§ **PROMPT**
Return every entry exactly as written, with the pictures removed.
[ENTRIES PROVIDED Boundary: Start]
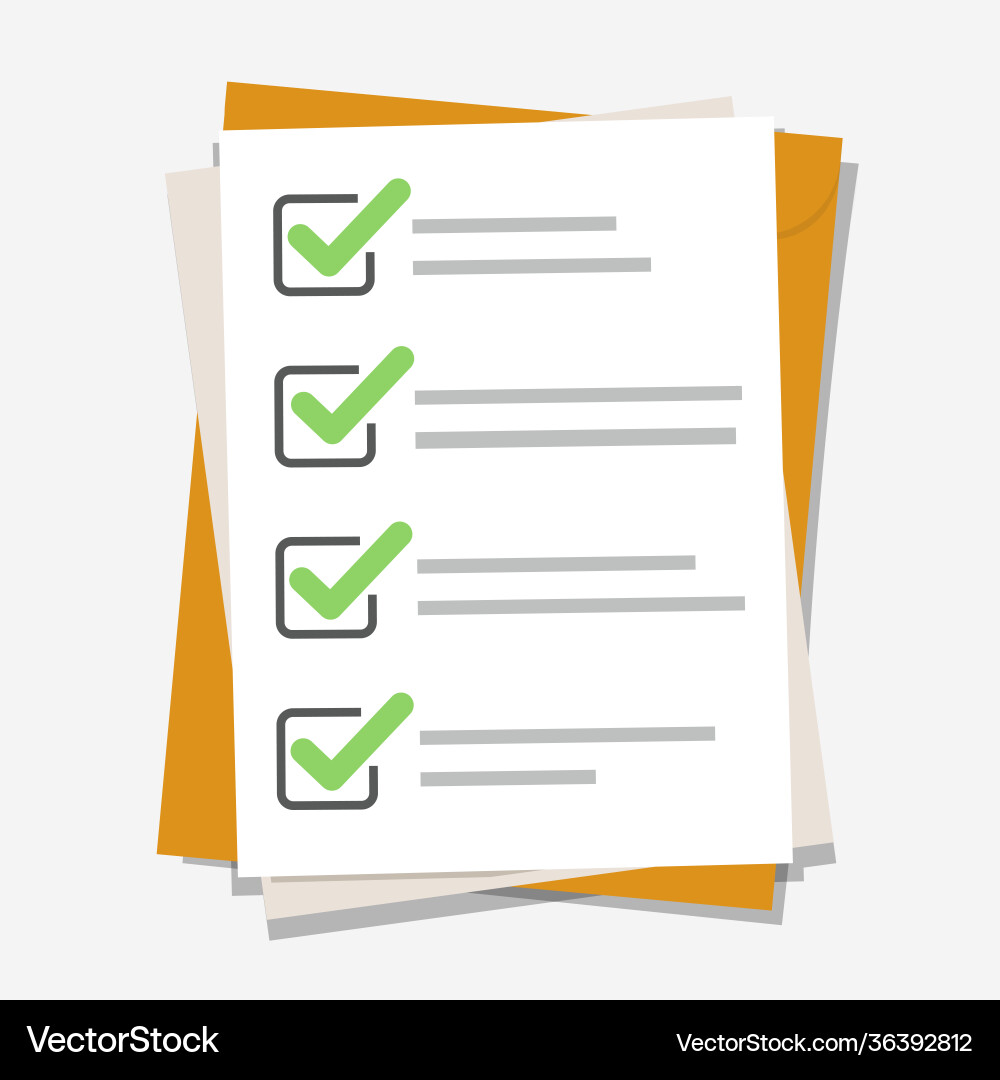 Checklist complete tasks to-do list premium Checklist complete tasks to-do list premium vector image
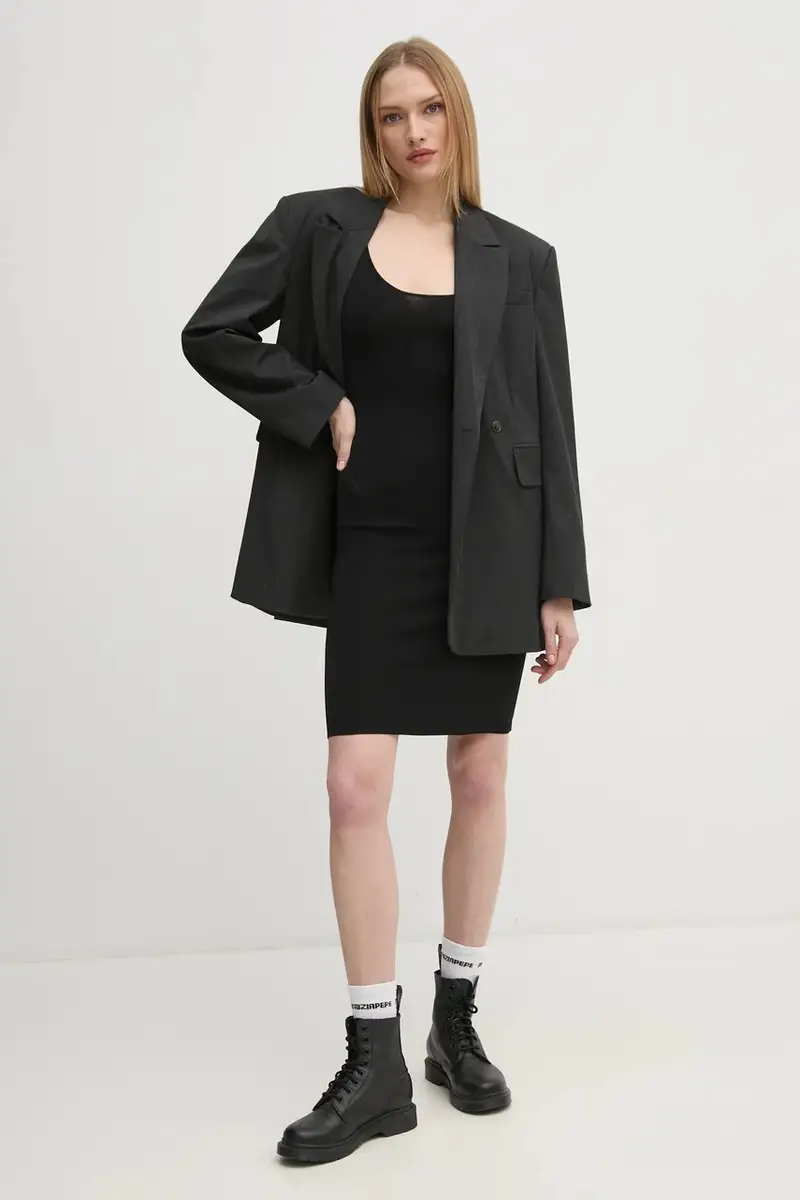 vestito colore nero J20J224839 miniatura 2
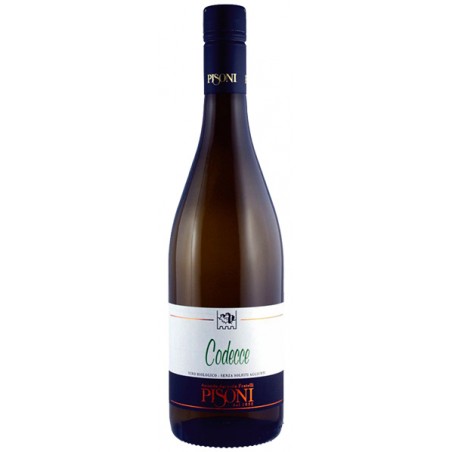 Italian Organic White Wine CODECCE without sulphites in 75cl bottle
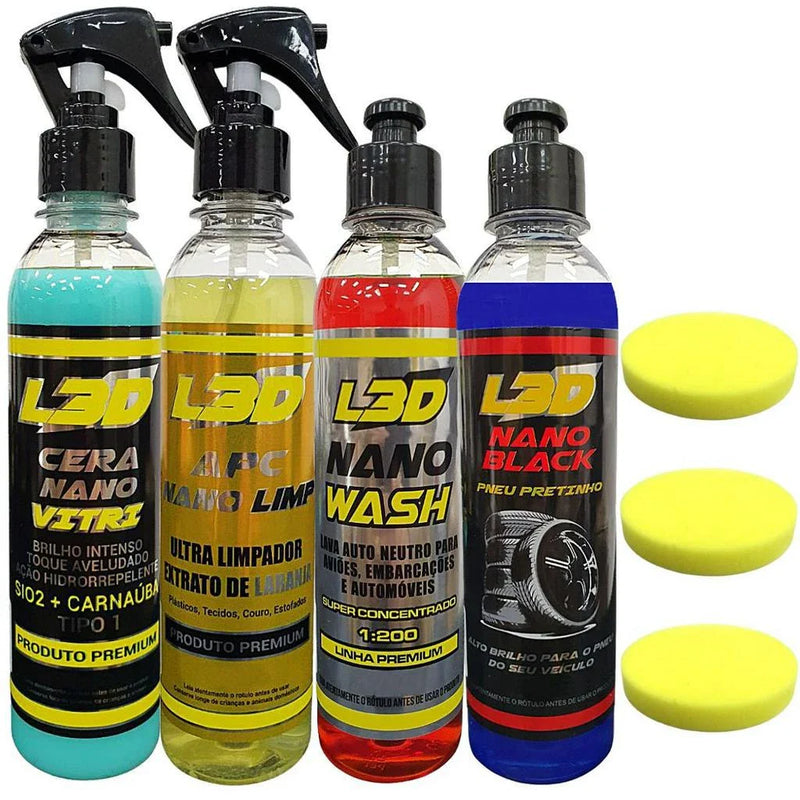Kit Limpeza Automotiva Profissional Completo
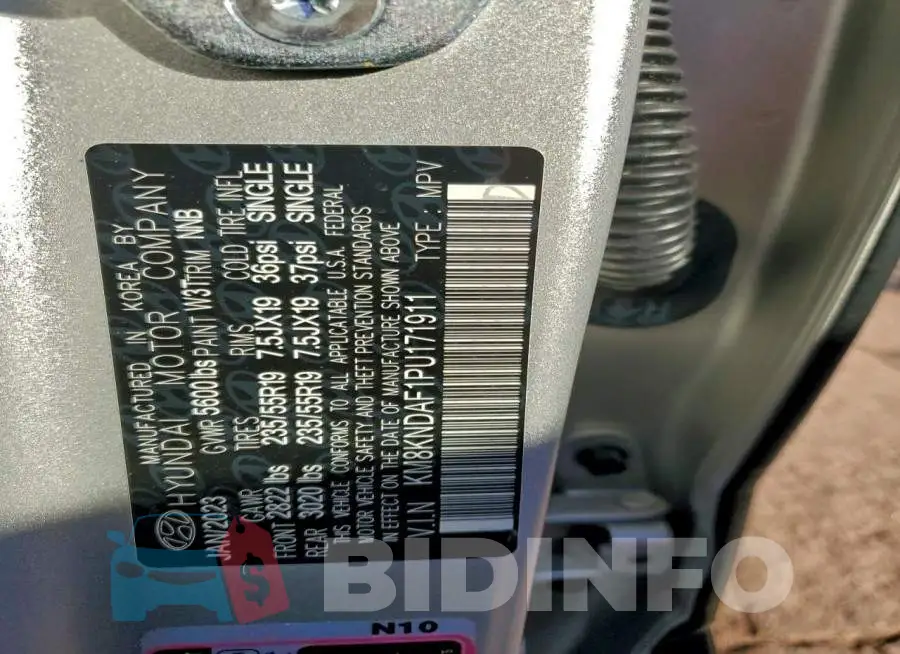 KM8KNDAF1PU171911 Photo# 12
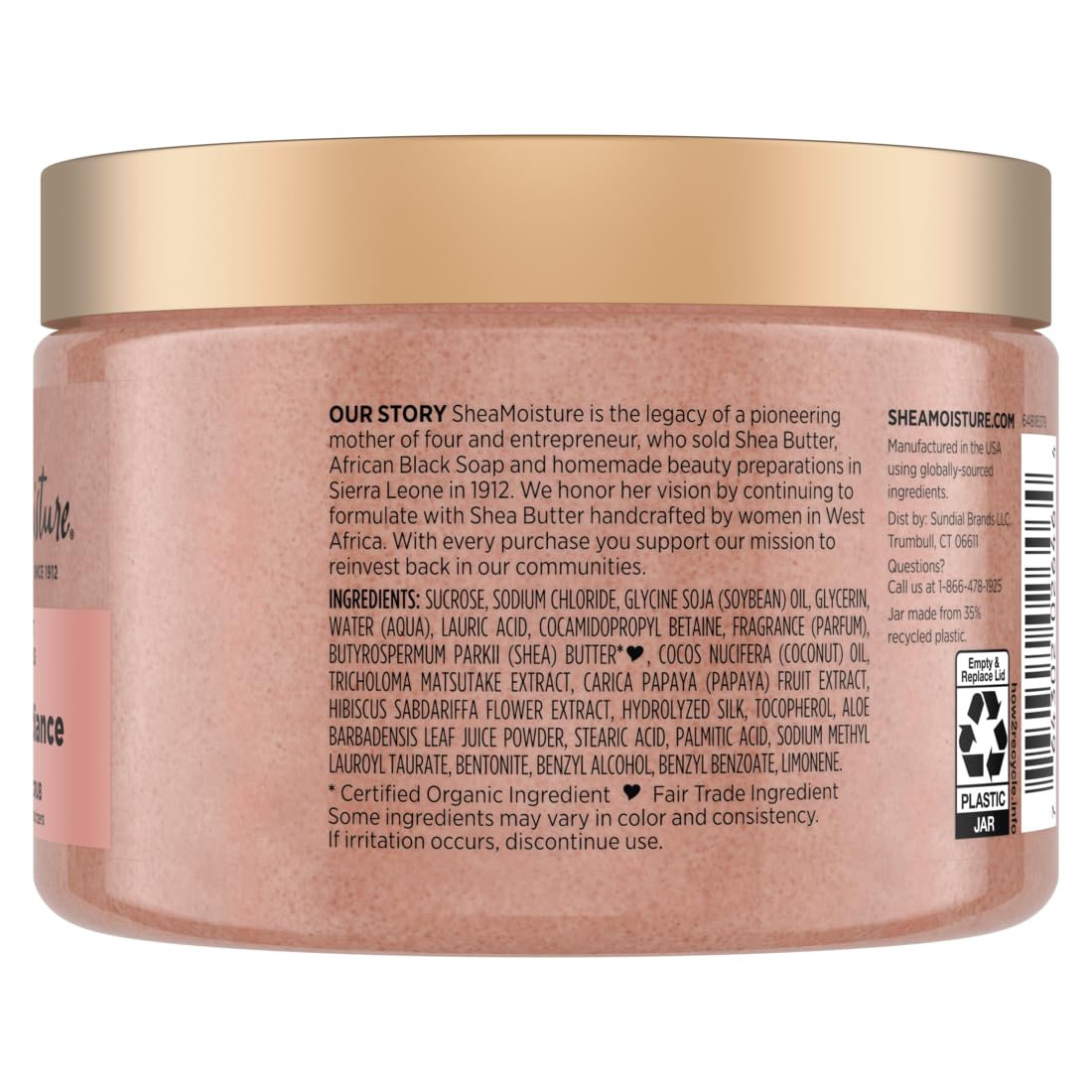 Elefair Tech SheaMoisture Shea Sugar Body Scrub Coconut Hibiscus - Elefair Tech Official Product View 3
[ENTRIES PROVIDED Boundary: End]
§ **SOLUTION TO THE PROBLEM**
 Checklist complete tasks to-do list premium Checklist complete tasks to-do list premium vector image
 vestito colore nero J20J224839 miniatura 2
 Italian Organic White Wine CODECCE without sulphites in 75cl bottle
Kit Limpeza Automotiva Profissional Completo
 KM8KNDAF1PU171911 Photo# 12
 Elefair Tech SheaMoisture Shea Sugar Body Scrub Coconut Hibiscus - Elefair Tech Official Product View 3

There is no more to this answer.